- **Your goal**: The reply should hold every line of the data below, unchanged, and none of the pictures.

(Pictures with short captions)
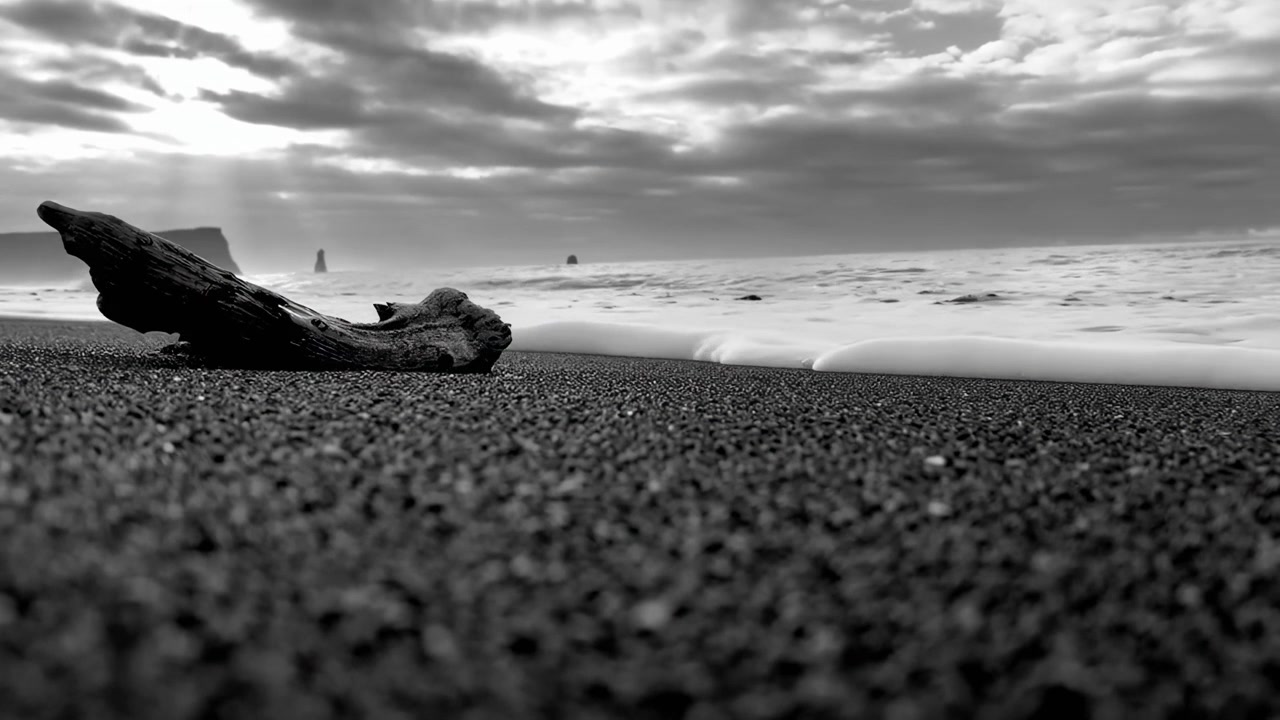 Gelombang Laut Monokrom Perlahan Bergulir ke Pantai Berpasir dengan Kayu Apung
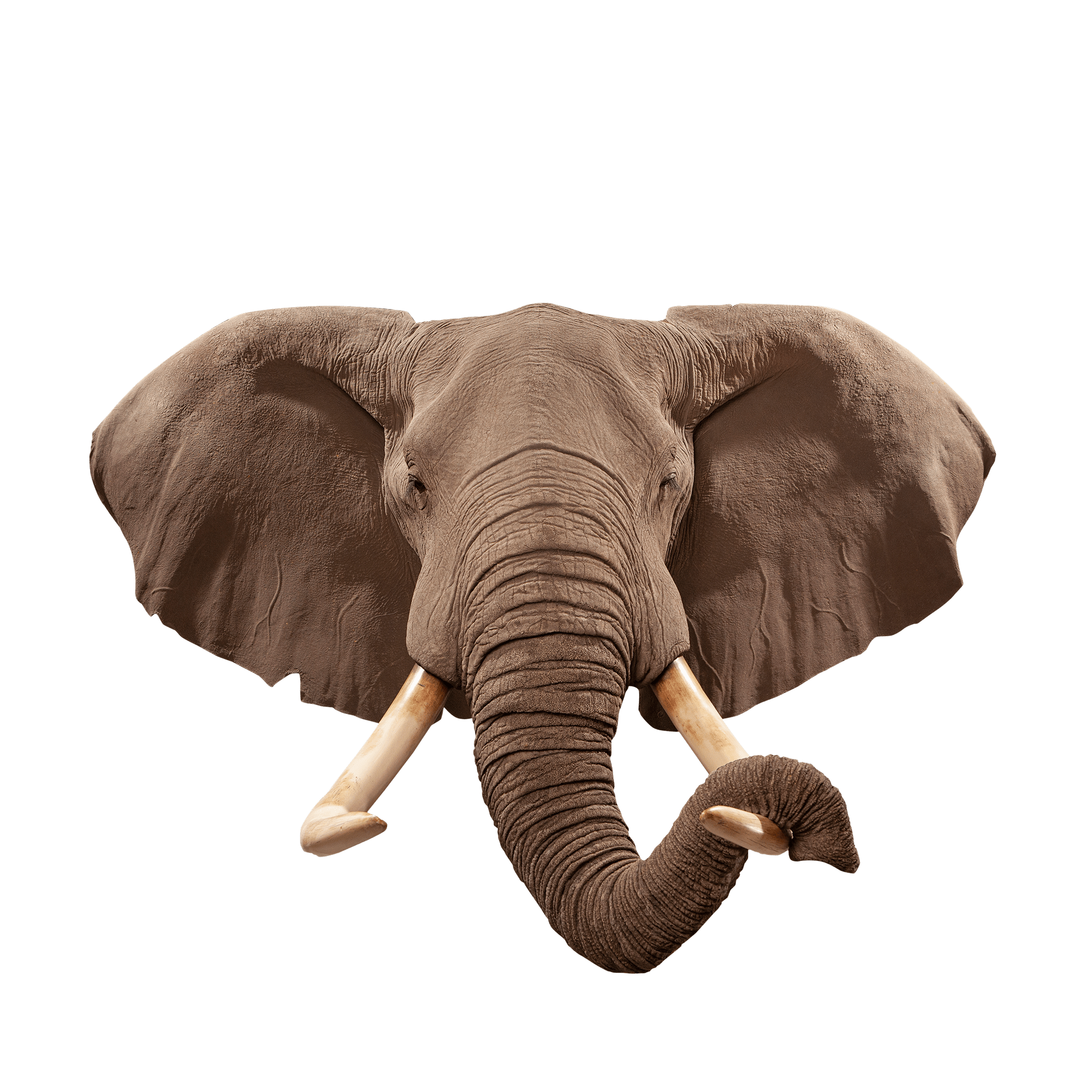 Elephant Replica RE103 Our Work Kanati Studio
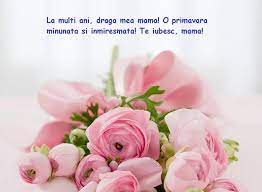 Alege un mesaj pentru mama, iubita, bunica, soacra, fiica, sora, soția, învățătoarea, șefa sau colega din viața ta de 08.03.2021! Mesaje De 8 Martie Ziua Femeii 2021 Mesaje UrÄƒri Sms Uri Si FelicitÄƒri De 8 Martie 2021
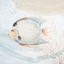 Picture of OCEAN OASIS BUBBLES TROPICAL FISH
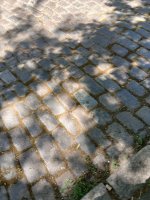 20260606_120607.jpg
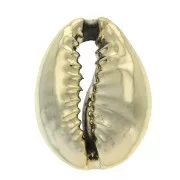 Conchas de Caurí 16 y 23 mm - Dorado con oro fino x 1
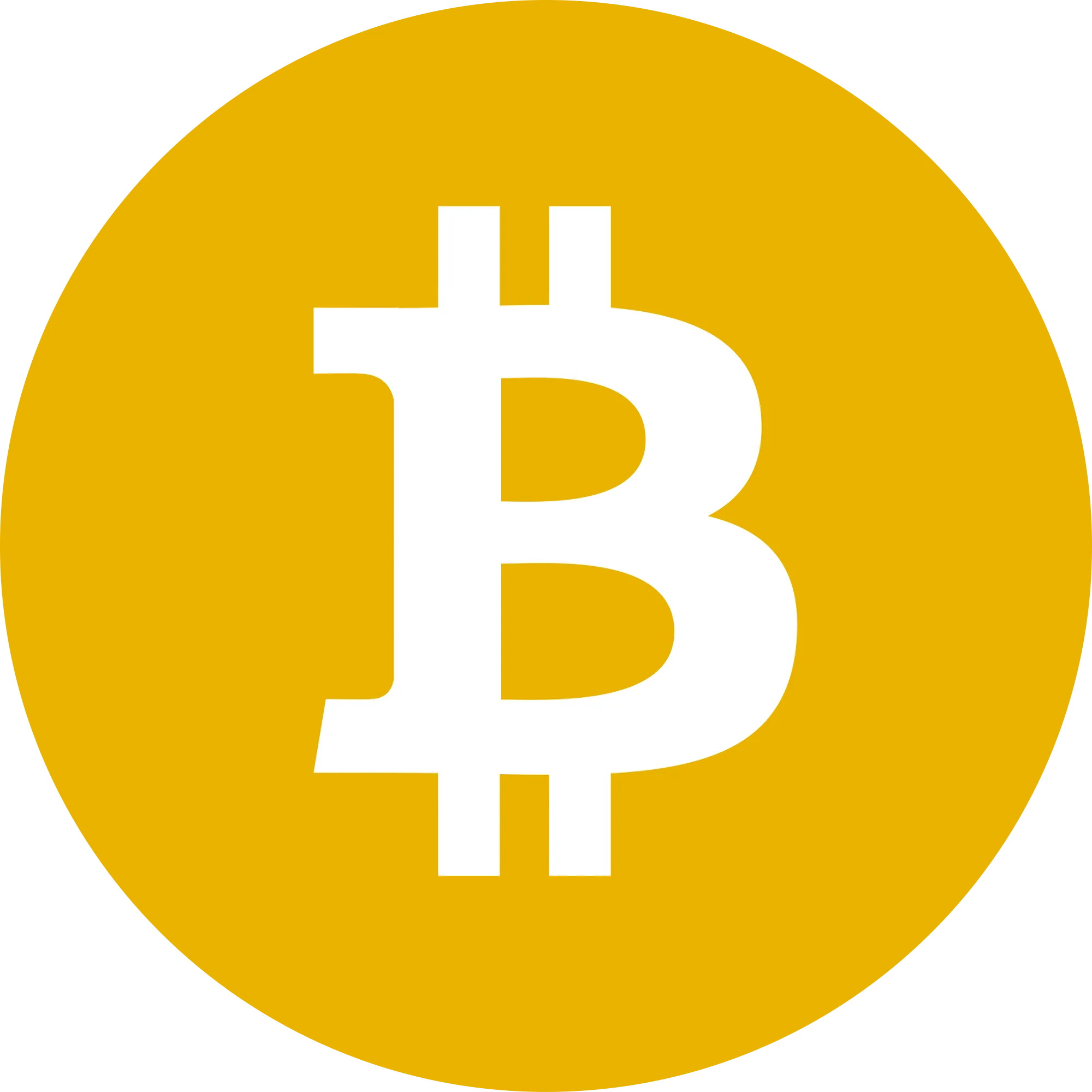 Bitcoin SV logo in png format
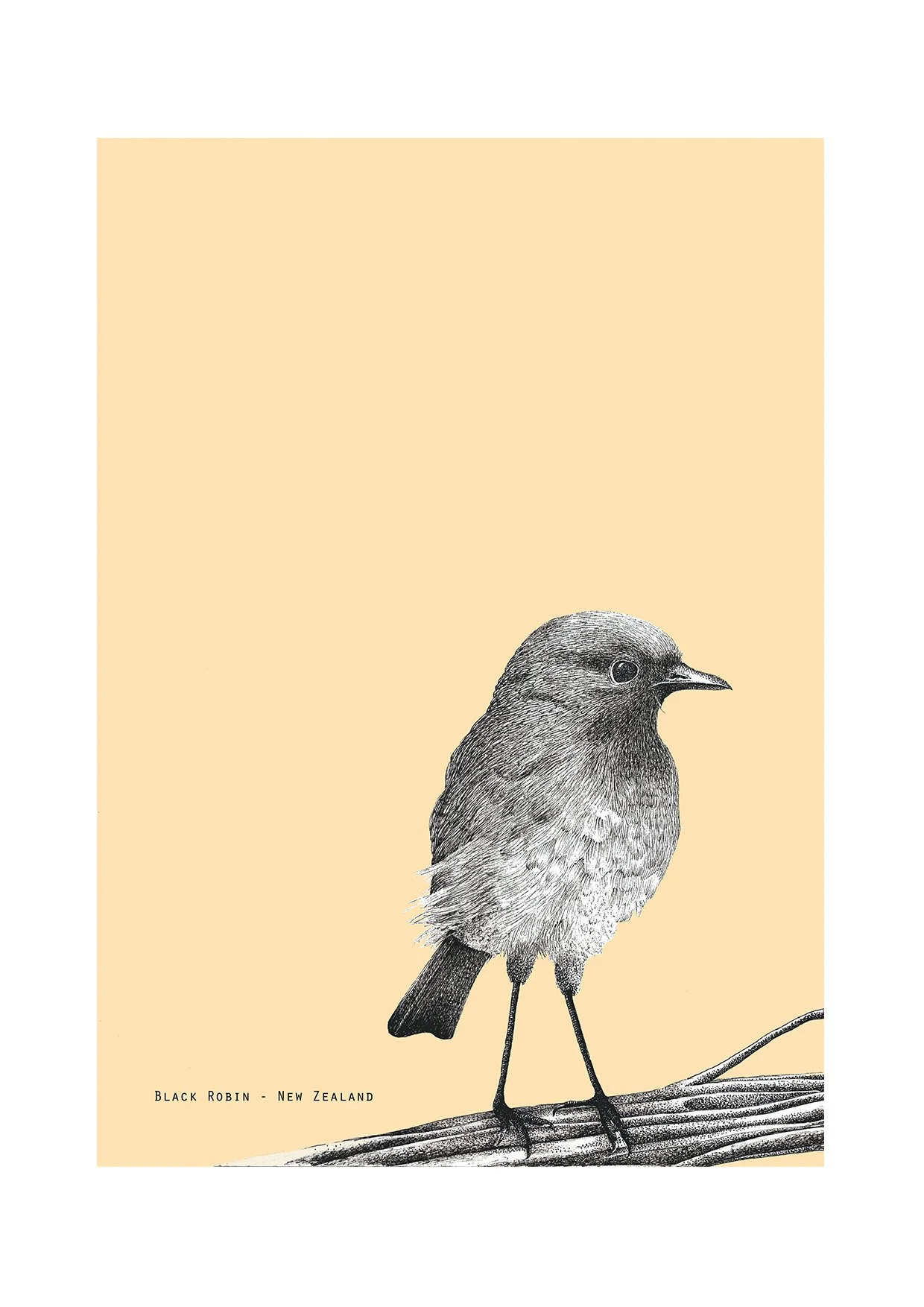 Black Robin – Limited Edition NZ Native Bird Art Print | Sue Syme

- **Reply**:
 Gelombang Laut Monokrom Perlahan Bergulir ke Pantai Berpasir dengan Kayu Apung
 Elephant Replica RE103 Our Work Kanati Studio
 Alege un mesaj pentru mama, iubita, bunica, soacra, fiica, sora, soția, învățătoarea, șefa sau colega din viața ta de 08.03.2021! Mesaje De 8 Martie Ziua Femeii 2021 Mesaje UrÄƒri Sms Uri Si FelicitÄƒri De 8 Martie 2021
 Picture of OCEAN OASIS BUBBLES TROPICAL FISH
 20260606_120607.jpg
 Conchas de Caurí 16 y 23 mm - Dorado con oro fino x 1
 Bitcoin SV logo in png format
 Black Robin – Limited Edition NZ Native Bird Art Print | Sue Syme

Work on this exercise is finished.